* DATA SECTION

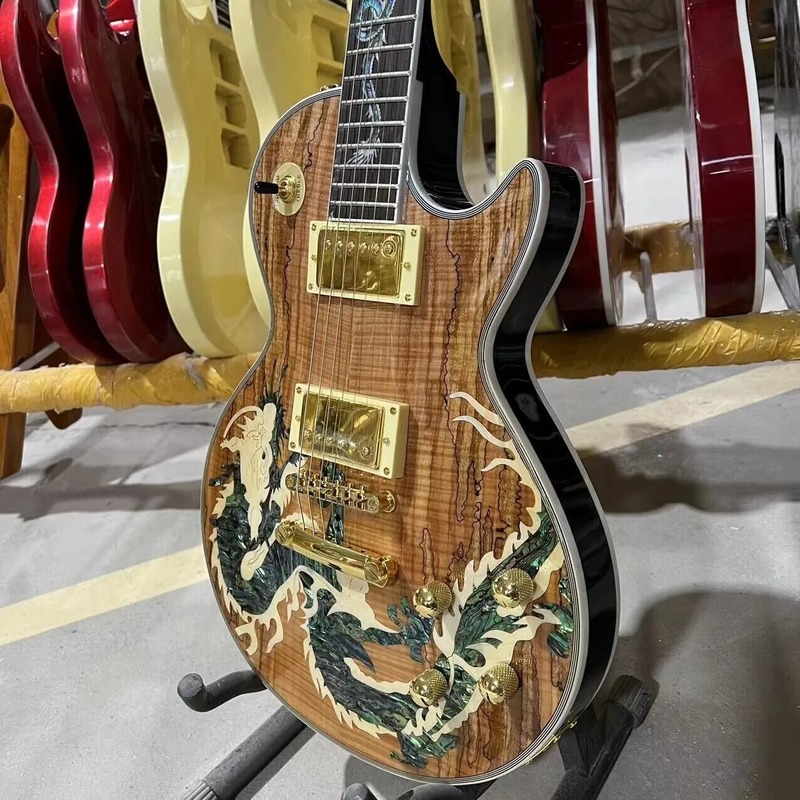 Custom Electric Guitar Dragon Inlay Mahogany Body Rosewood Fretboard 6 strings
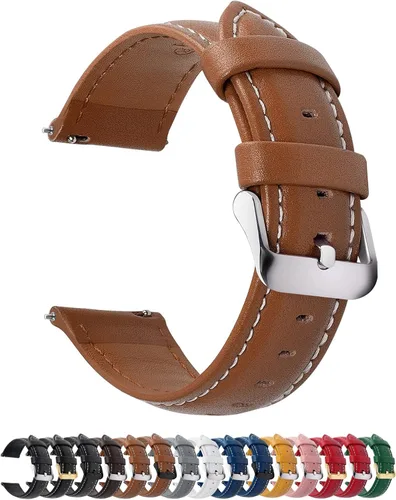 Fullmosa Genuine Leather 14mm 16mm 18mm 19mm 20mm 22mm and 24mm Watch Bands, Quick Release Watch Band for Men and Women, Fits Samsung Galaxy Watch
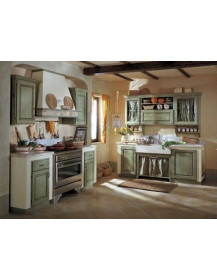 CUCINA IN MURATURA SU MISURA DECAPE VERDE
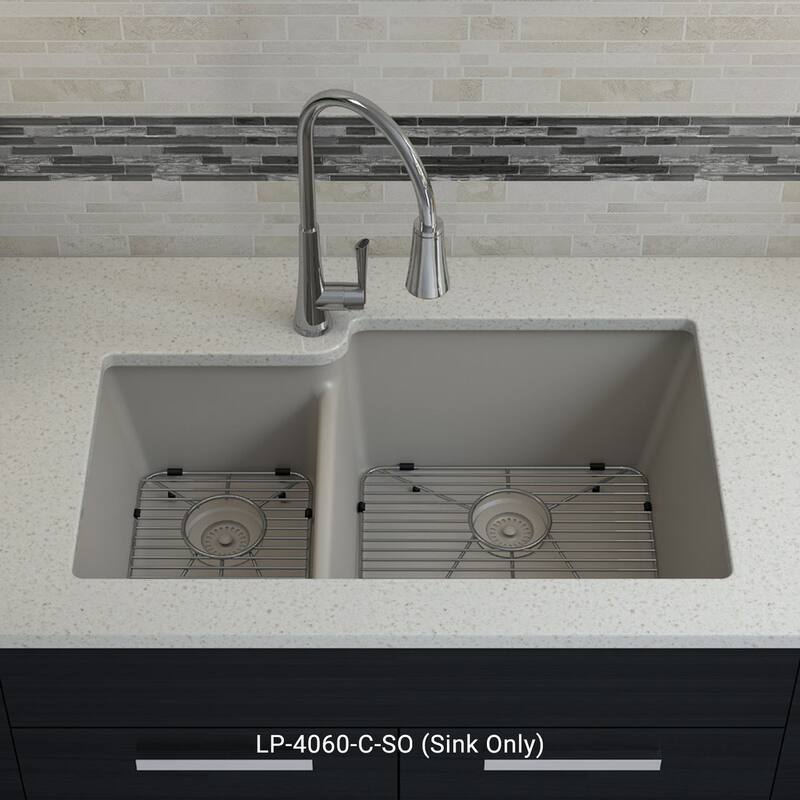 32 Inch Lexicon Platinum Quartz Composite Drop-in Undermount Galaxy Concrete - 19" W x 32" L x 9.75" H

* * *

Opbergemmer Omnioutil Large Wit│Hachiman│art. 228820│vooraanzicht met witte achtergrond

* GOAL OF THE EXERCISE
After locating the line containing "CUCINA IN MURATURA SU MISURA DECAPE VERDE" in the entries above, return it and every line after it exactly, ending at the line containing "32 Inch Lexicon", without pictures.

* EXPECTED ANSWER
 CUCINA IN MURATURA SU MISURA DECAPE VERDE
 32 Inch Lexicon Platinum Quartz Composite Drop-in Undermount Galaxy Concrete - 19" W x 32" L x 9.75" H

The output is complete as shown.